Macarons were the name of the game. I was a little disappointed because I’ve made them a couple times before, and the point of this blog is to learn new things. But in making them again, I’ve come to find that I could definitely spend more time perfecting these delicious french cookies.
Originally, I thought it would be a lot of fun to make the macarons during my visit to France. My sister, whom I was visiting, didn’t think it sounded like a good idea. And once there, I agreed with her because her kitchen is tiny (and, ahem, quite messy).
Therefore, I made the macarons the day after I got home from France. I thought they would be a nice little gift for the coworkers who covered my shifts while I was away. I had brought a couple bags of almond powder back with me and used them in addition to the few bags I already had. And I made sure to study (consume) macarons while in France.
I’ve made vanilla macarons and pistachio macarons before. I have numerous french patisserie cookbooks that I’ve brought back from my many trips to France and translated a few recipes. It’s quite a bit of work. And ironically enough, the best recipe I have for macarons is the one from Martha Stewart. I used that recipe along with the recipe on the Daring Kitchen site to make a variety of macarons.

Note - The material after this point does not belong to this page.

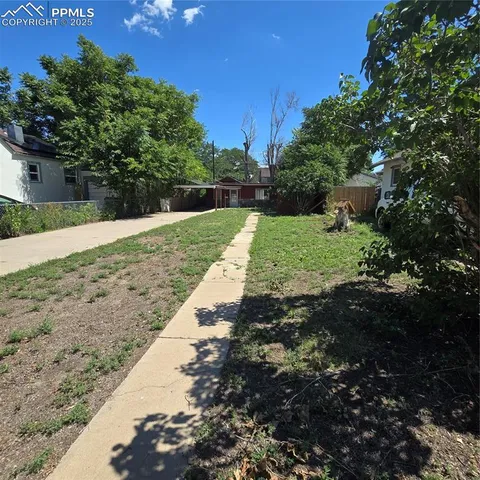 a view of a backyard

I basically just doubled the recipe and split the batter evenly to make pistachio, chocolate, vanilla, coffee, and pumpkin macarons. The vanilla ones turned out to have the truest consistency to a french macaron, probably because it involved the least amount of folding and mixing. The other variations had additional ingredients added like pumpkin and pumpkin pie spice, instant espresso powder, pistachios, and cocoa powder. I had to mix those batches more thoroughly to incorporate those flavors, therefore causing some of the egg whites that I had folded in to deflate.
I also had a lot of trouble with the baking. Some of the vanilla shells didn’t harden up so I had to bake them longer, the pumpkin shells never got a hard outer texture, and I simply forgot the chocolate shells which burned terribly and were inedible.
None of my shells obtained “feet,” as they call it. Maybe it was the tray I baked them on. Maybe I over-beat the egg whites. I don’t know. But I definitely need to try making these again, when I’m not jetlagged and rushed.
I filled the macarons with frosting flavored appropriately to the shells. At least they tasted good, except the burnt chocolate ones.